WHAT IS BEING ASKED ->
Find the line with "자동차 정기검사 p2112 고장코드 이미지" in the entries below. Repeat it, every following line, and the line with "Page 40 of Inbaku no Wakazuma", exactly and with nothing added.

RECORDS FOR THE EXERCISE ->
---

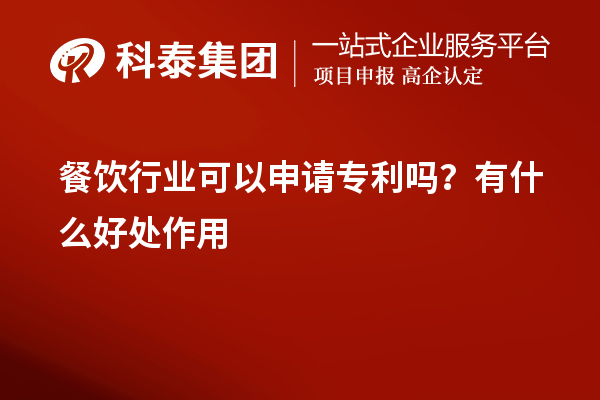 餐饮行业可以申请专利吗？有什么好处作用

---

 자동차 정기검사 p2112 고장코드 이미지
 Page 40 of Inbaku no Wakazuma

---

RESULT ->
 자동차 정기검사 p2112 고장코드 이미지
 Page 40 of Inbaku no Wakazuma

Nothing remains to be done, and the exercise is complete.